### [What is required]
Give back the lines below exactly, but do not include any pictures.

### [Information provided]
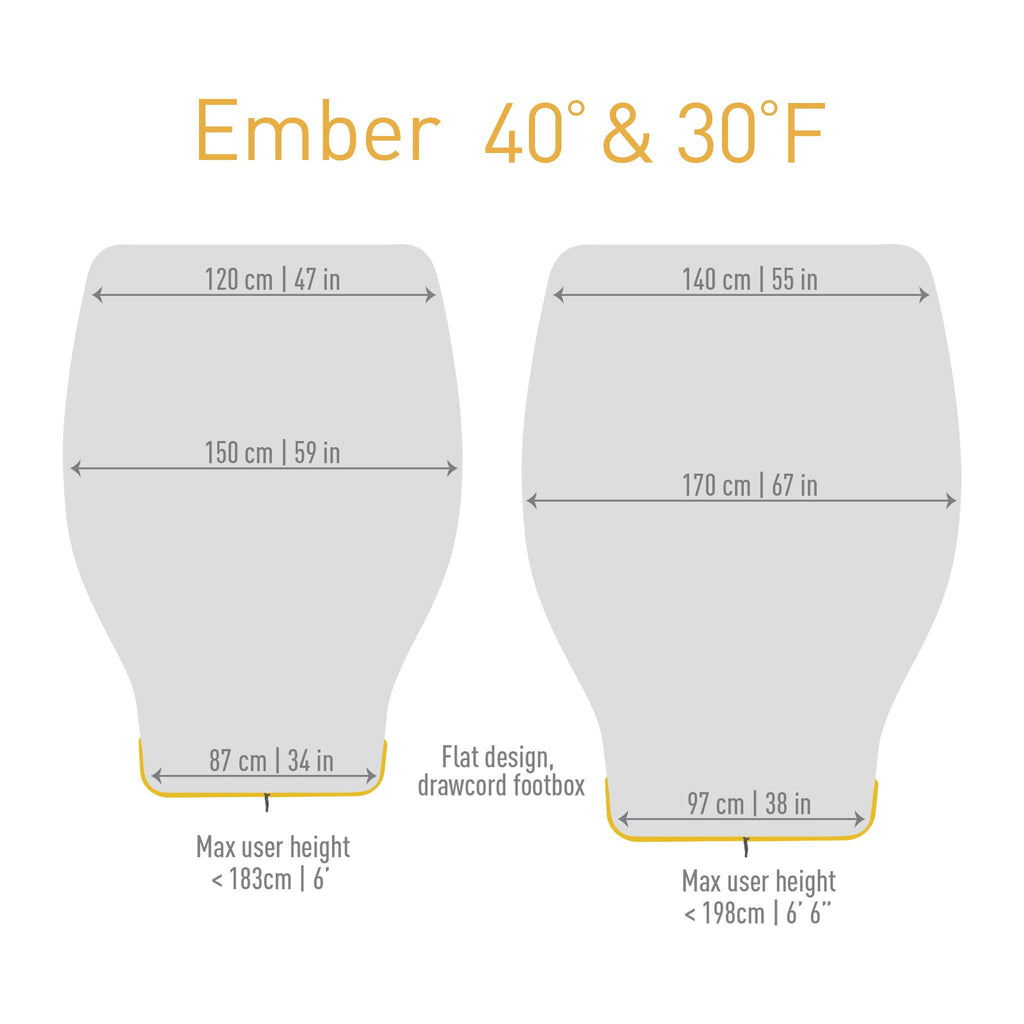 Ember EbII-Long Sleeping Bag V547891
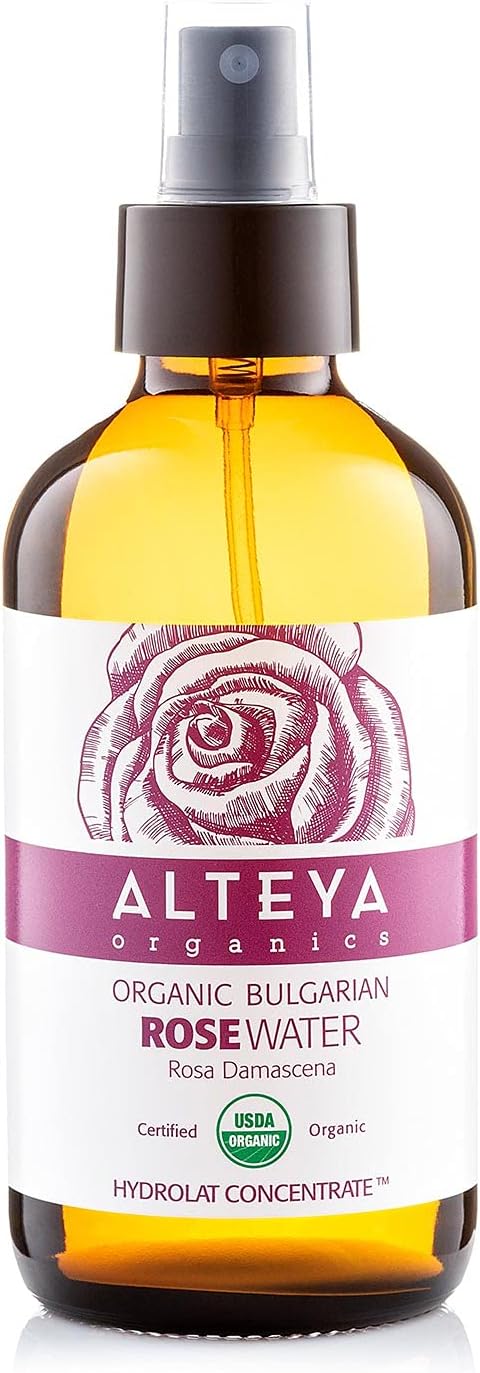 Alteya Organics Rose Water - USDA Certified Organic Facial Toner | 8 Fl Oz Pure Bulgarian Rosa Damascena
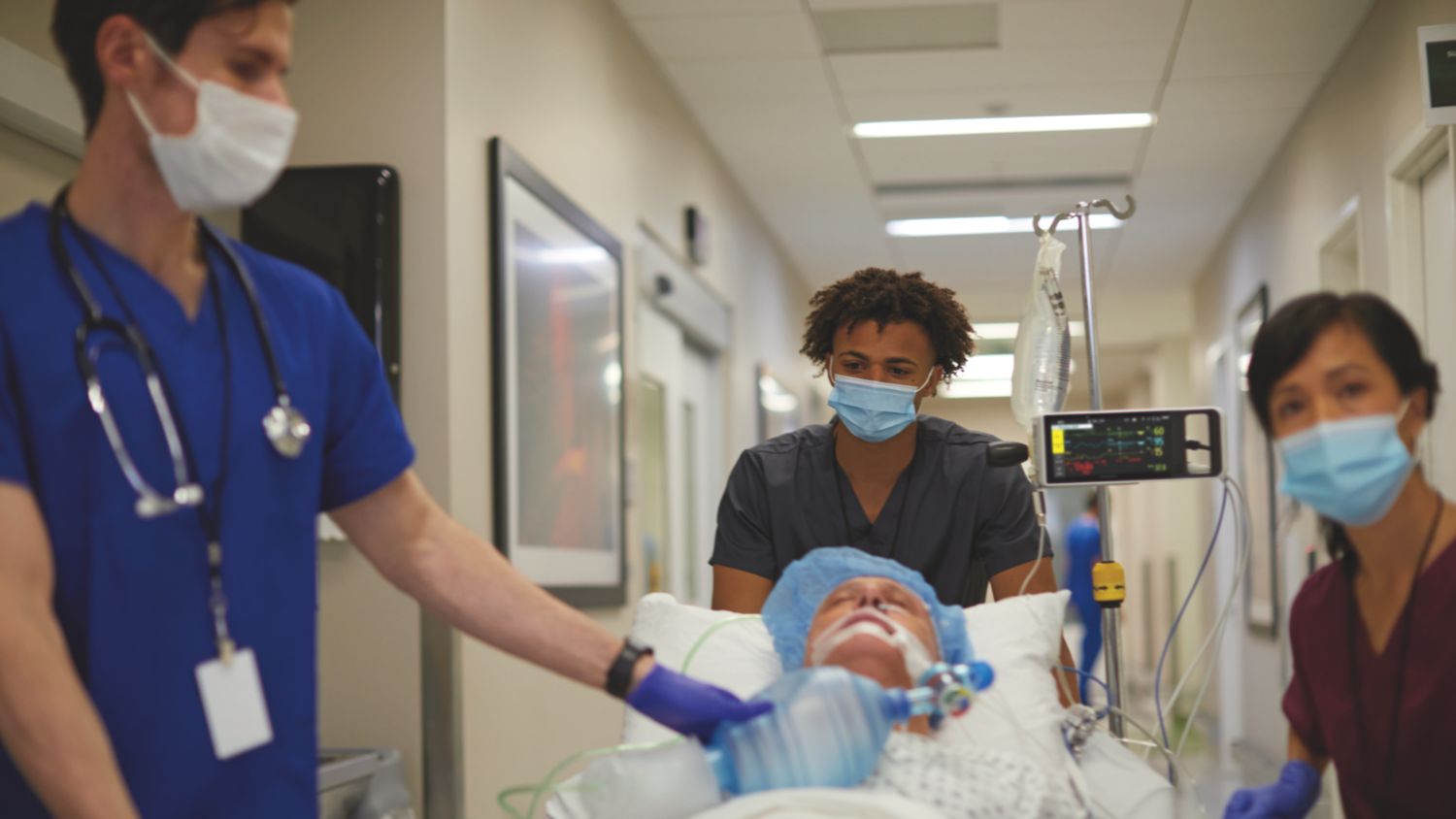 Patient transport from ER to OR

### [Your solution]
 Ember EbII-Long Sleeping Bag V547891
 Alteya Organics Rose Water - USDA Certified Organic Facial Toner | 8 Fl Oz Pure Bulgarian Rosa Damascena
 Patient transport from ER to OR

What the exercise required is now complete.